◆ Collected data ◆
== Segment start ==
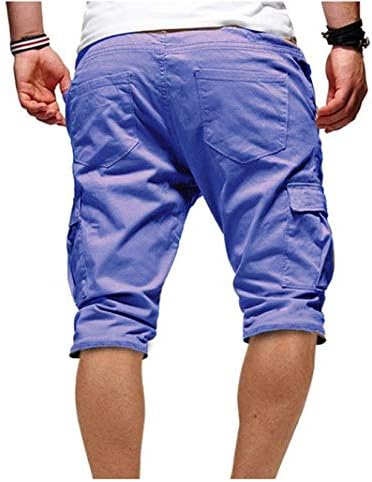 Andongnywell muške sportske kratke hlače sa elastičnim strukom sa vezicama brzo se suše sa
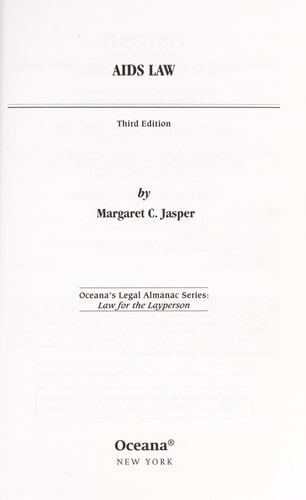 AIDS and the Law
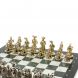 Шахматы &amp;quot;Средневековье&amp;quot; доска 44х44 см мрамор / змеевик 127966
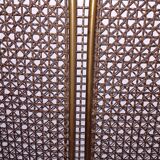 Vintage Fire Screen Brass 1950-60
== Segment end ==
◆ Exercise goal ◆
Every line above must appear in the answer unchanged, and no picture may appear in it.

◆ Answer ◆
 Andongnywell muške sportske kratke hlače sa elastičnim strukom sa vezicama brzo se suše sa
 AIDS and the Law
 Шахматы &amp;quot;Средневековье&amp;quot; доска 44х44 см мрамор / змеевик 127966
 Vintage Fire Screen Brass 1950-60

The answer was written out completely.